_What is expected_
Transcribe the listing that follows in full, omitting pictures.

_Data provided_

▬▬▬▬▬▬

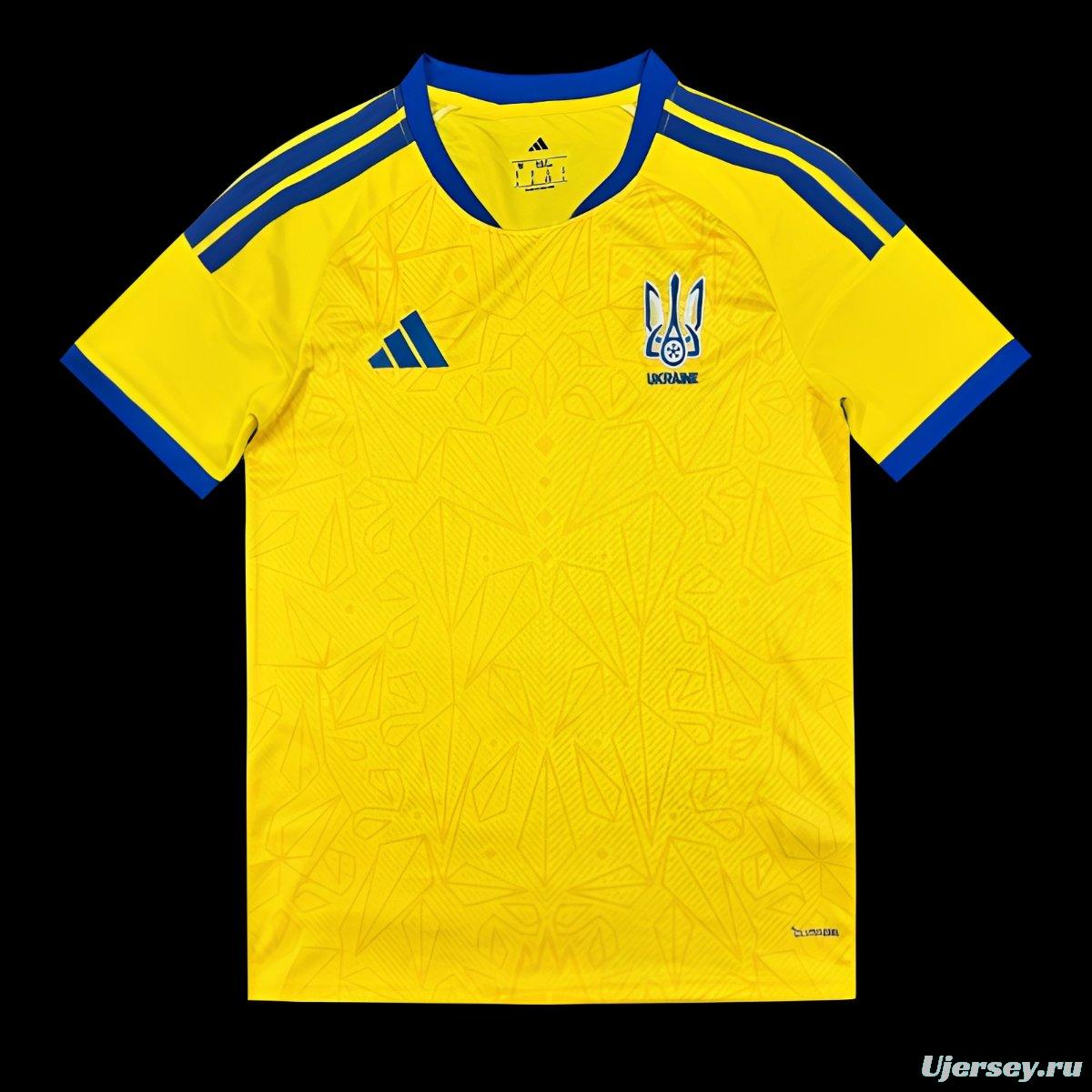 2026 Ukraine Home Jersey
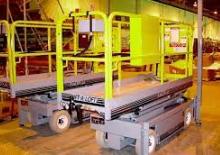 Kołowe podnośniki nożycowe Lift-A-Loft SPN13 - SPL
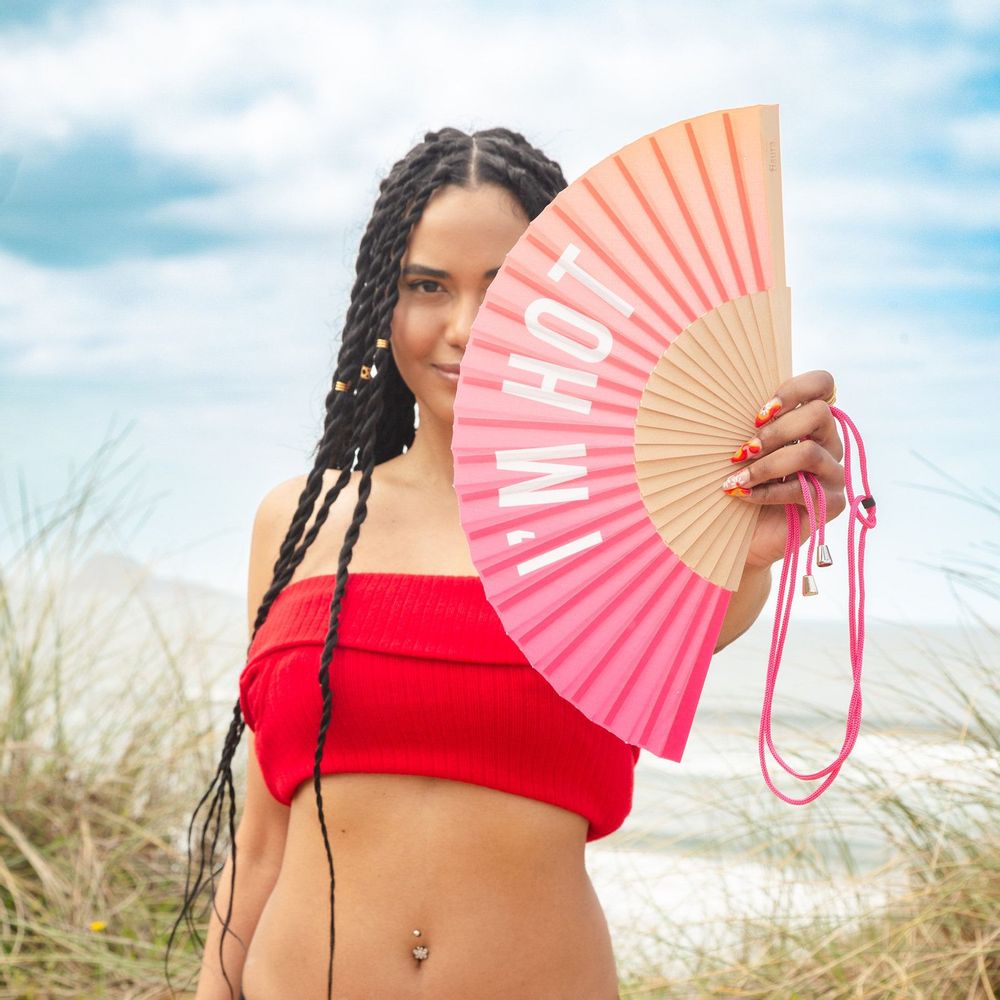 Apparel - HAND FANS (2) - FISURA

▬▬▬▬▬▬

_Written solution_
 2026 Ukraine Home Jersey
 Kołowe podnośniki nożycowe Lift-A-Loft SPN13 - SPL
 Apparel - HAND FANS (2) - FISURA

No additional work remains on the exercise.